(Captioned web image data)
======
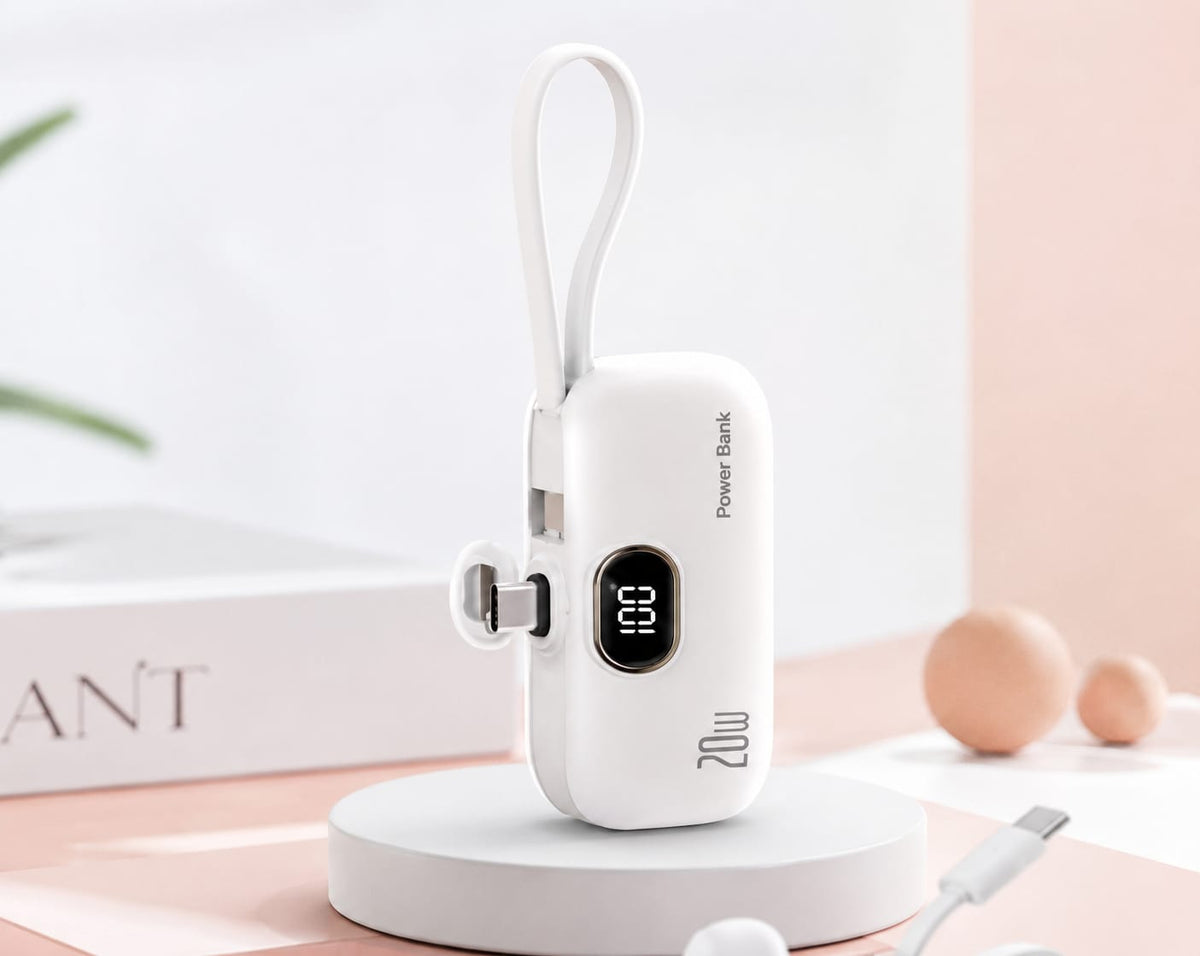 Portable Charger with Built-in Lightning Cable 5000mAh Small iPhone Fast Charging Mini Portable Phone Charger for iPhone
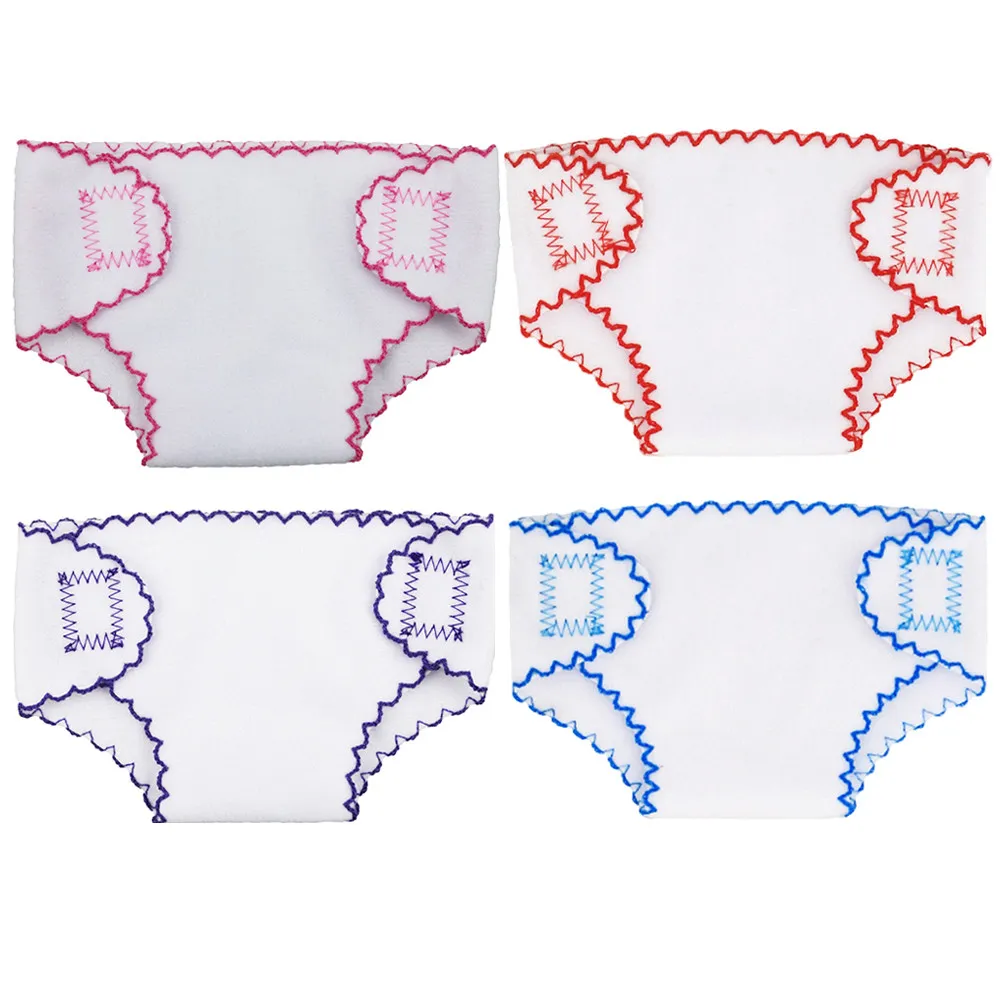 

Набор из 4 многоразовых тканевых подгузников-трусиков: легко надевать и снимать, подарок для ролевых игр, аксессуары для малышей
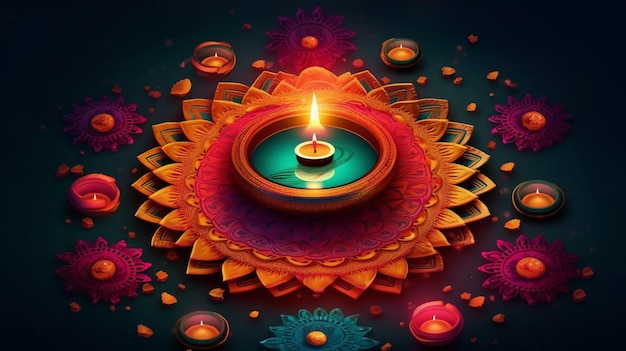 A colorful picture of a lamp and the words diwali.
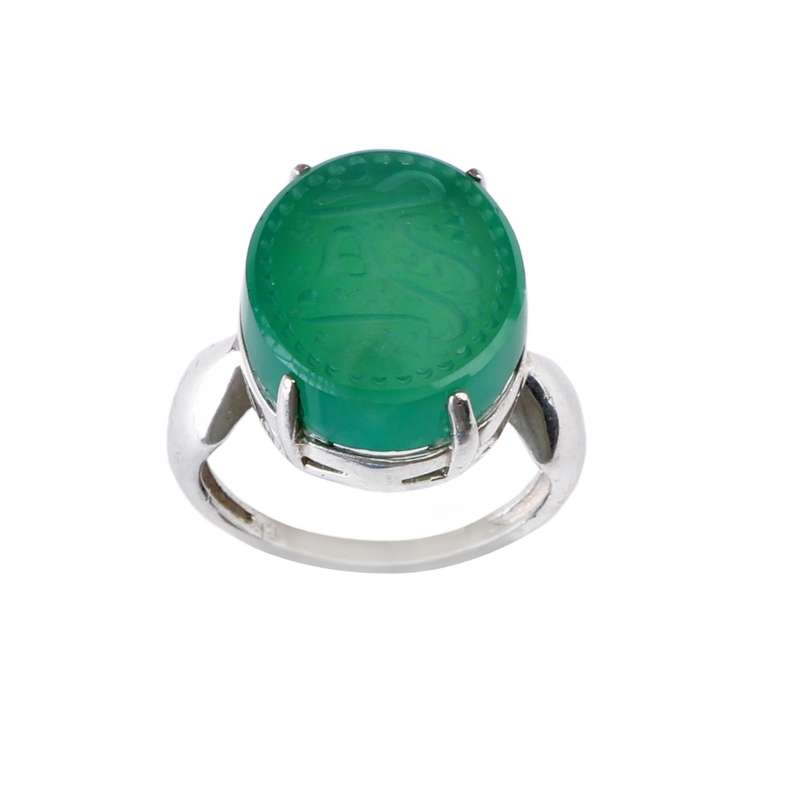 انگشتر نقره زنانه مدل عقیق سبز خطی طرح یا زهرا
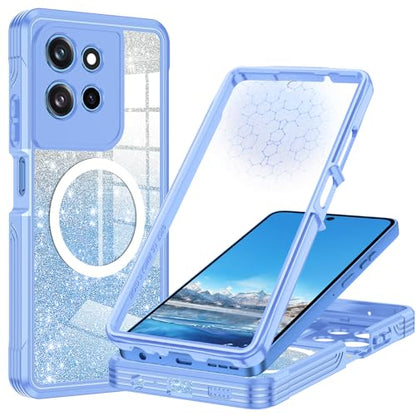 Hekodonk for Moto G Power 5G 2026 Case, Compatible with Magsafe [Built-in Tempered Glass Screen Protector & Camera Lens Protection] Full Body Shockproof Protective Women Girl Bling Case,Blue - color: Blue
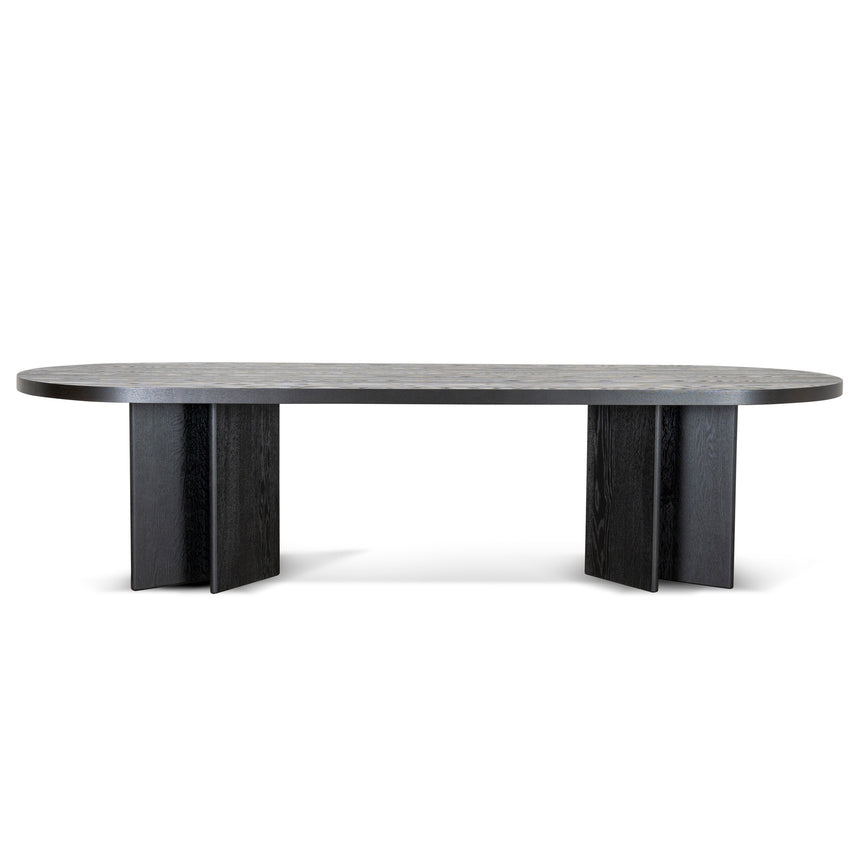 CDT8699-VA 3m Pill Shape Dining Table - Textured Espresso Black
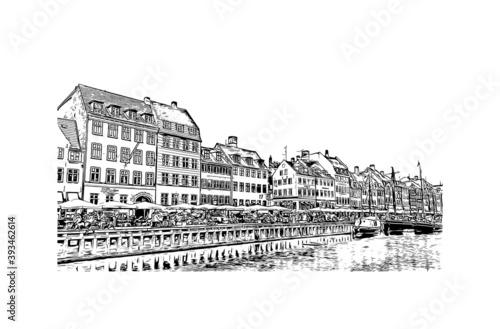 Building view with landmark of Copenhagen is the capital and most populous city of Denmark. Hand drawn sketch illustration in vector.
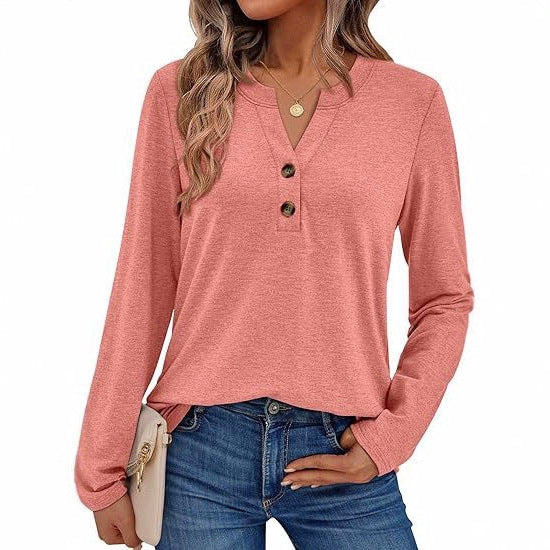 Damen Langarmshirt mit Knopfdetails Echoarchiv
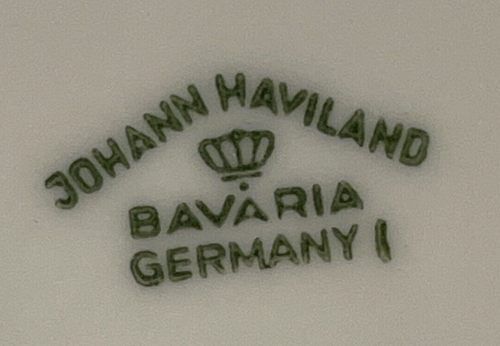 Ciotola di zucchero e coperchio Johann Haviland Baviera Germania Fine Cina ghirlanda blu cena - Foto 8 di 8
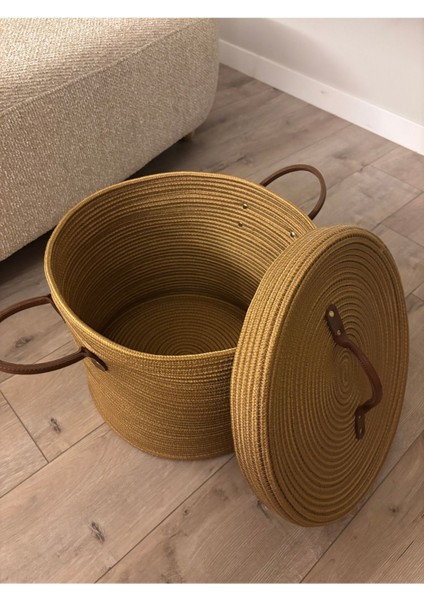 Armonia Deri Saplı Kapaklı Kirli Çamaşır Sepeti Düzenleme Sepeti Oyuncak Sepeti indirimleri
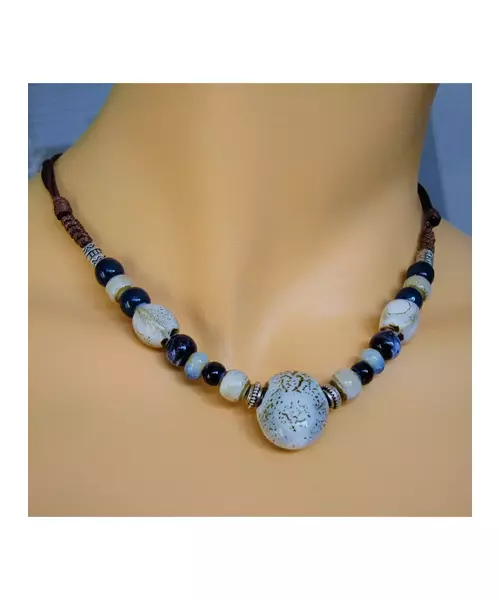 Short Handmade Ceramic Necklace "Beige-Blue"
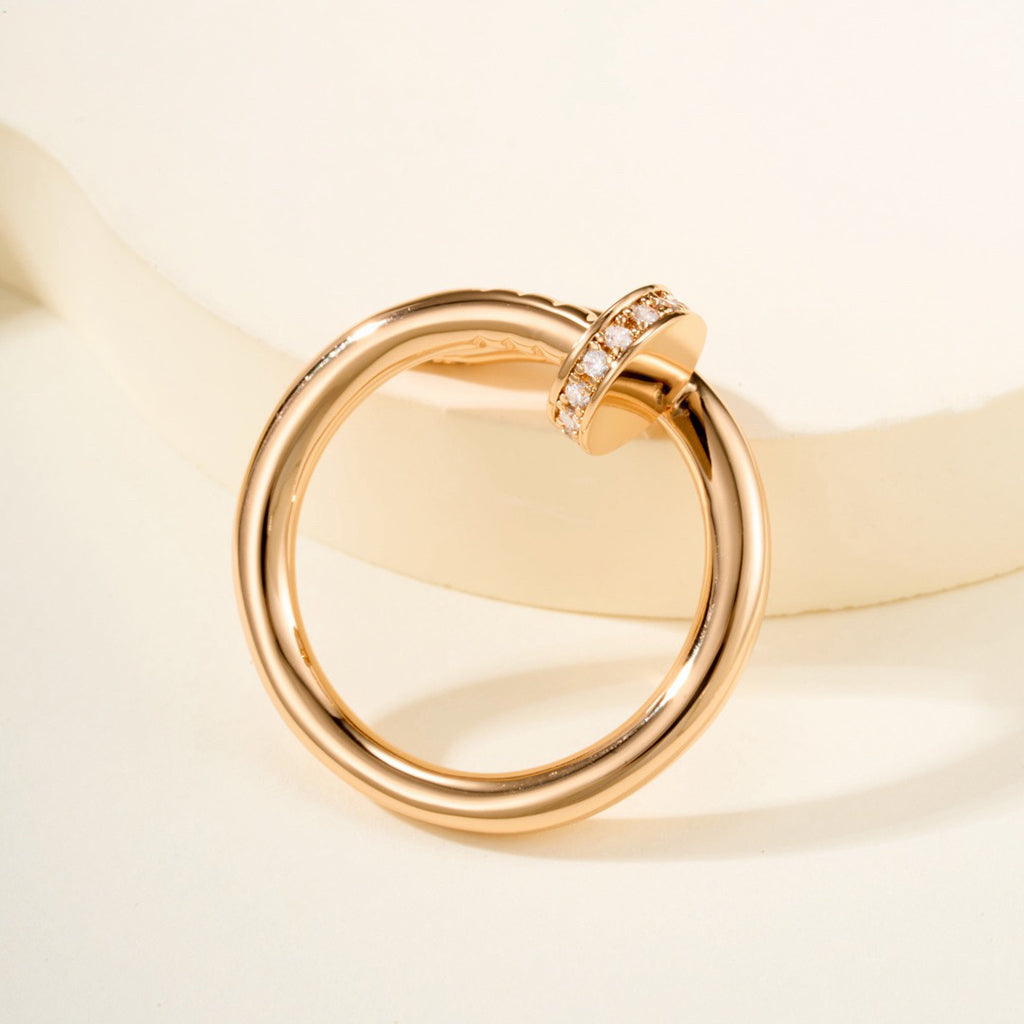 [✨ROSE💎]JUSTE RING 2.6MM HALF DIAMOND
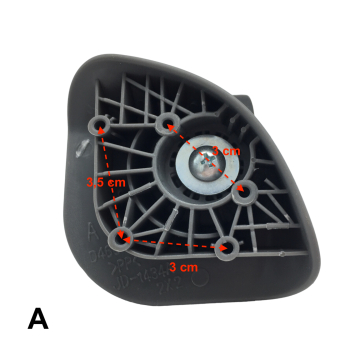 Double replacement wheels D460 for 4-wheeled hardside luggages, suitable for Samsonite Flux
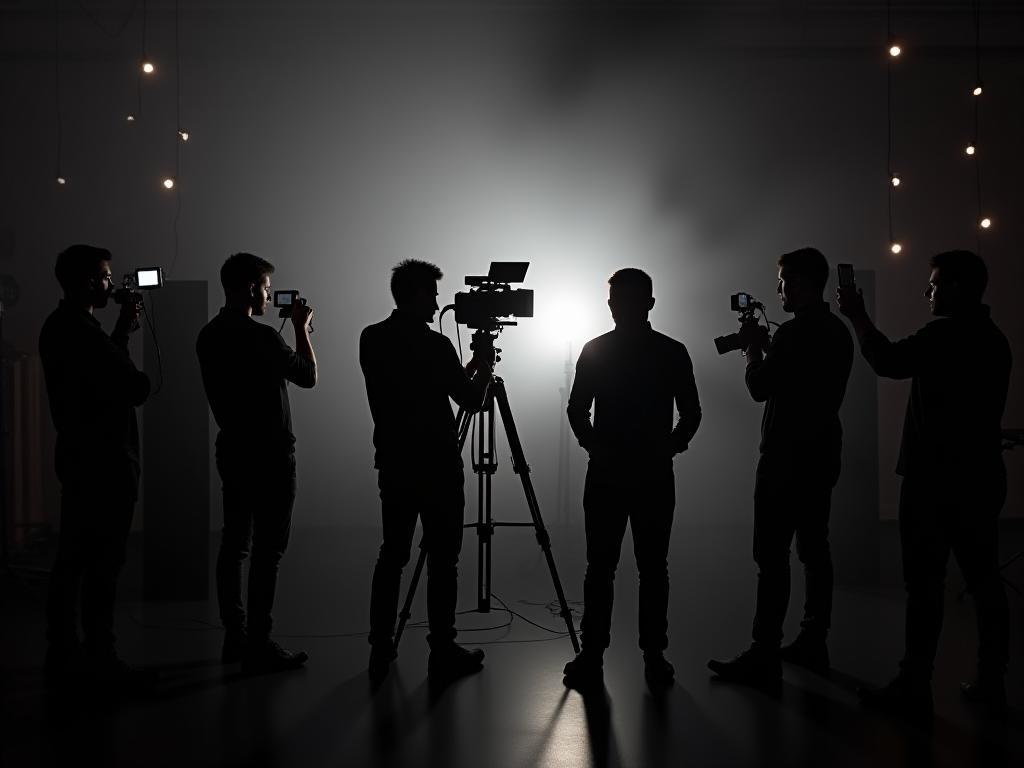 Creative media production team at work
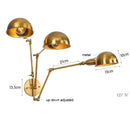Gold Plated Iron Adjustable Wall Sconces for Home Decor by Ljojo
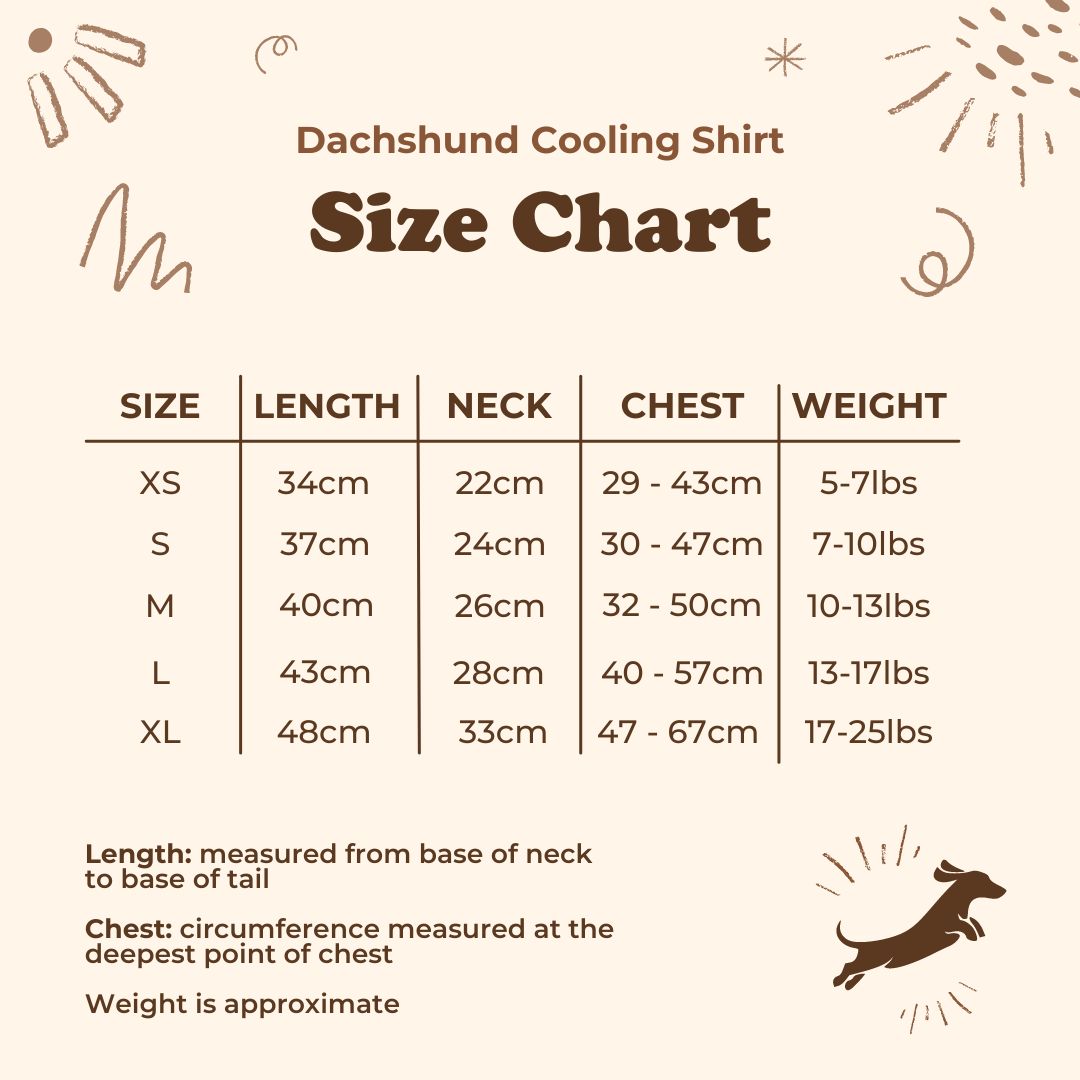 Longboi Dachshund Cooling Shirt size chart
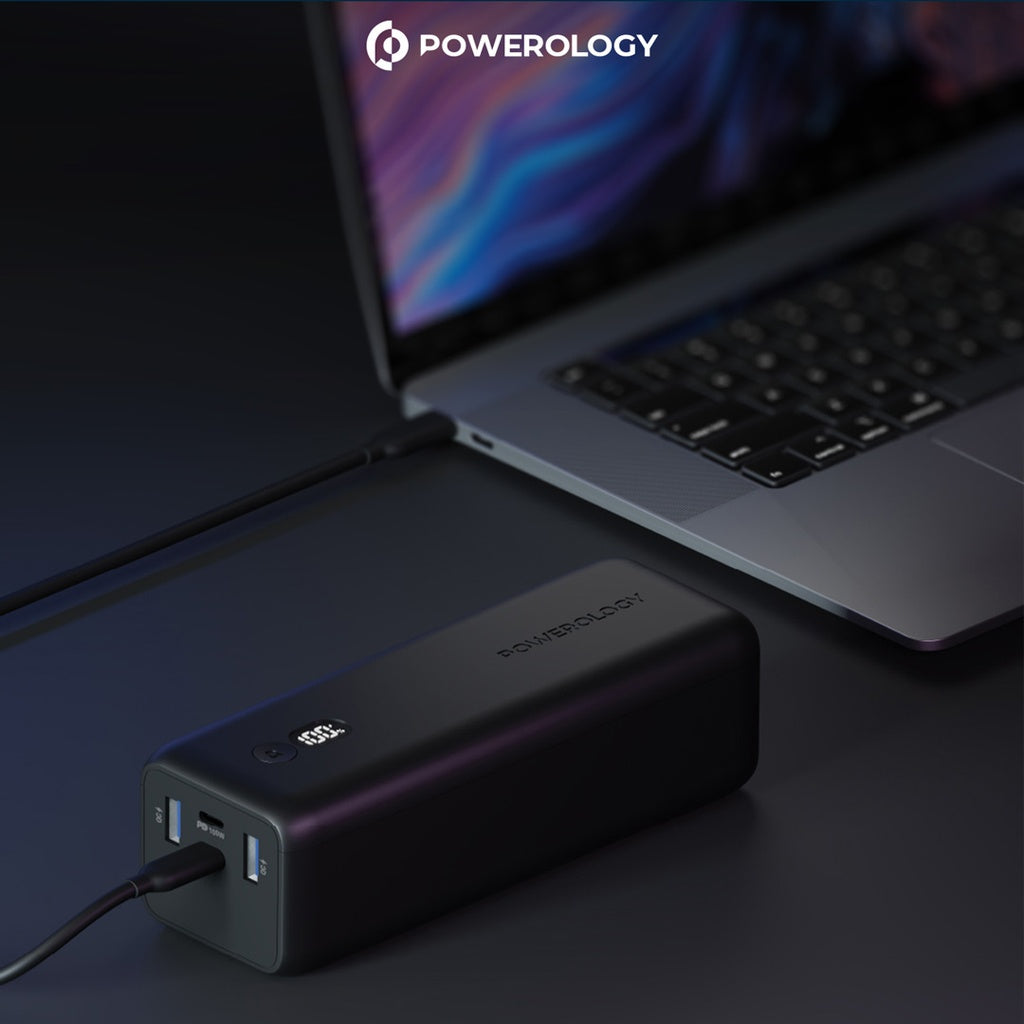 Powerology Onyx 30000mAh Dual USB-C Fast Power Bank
======
When you reach the line containing "[✨ROSE💎]JUSTE RING 2.6MM HALF DIAMOND" in the entries above, please retype it and each line after it through the last one, exactly, without the pictures.

(Result for this exercise)
 [✨ROSE💎]JUSTE RING 2.6MM HALF DIAMOND
 Double replacement wheels D460 for 4-wheeled hardside luggages, suitable for Samsonite Flux
 Creative media production team at work
Gold Plated Iron Adjustable Wall Sconces for Home Decor by Ljojo
 Longboi Dachshund Cooling Shirt size chart
 Powerology Onyx 30000mAh Dual USB-C Fast Power Bank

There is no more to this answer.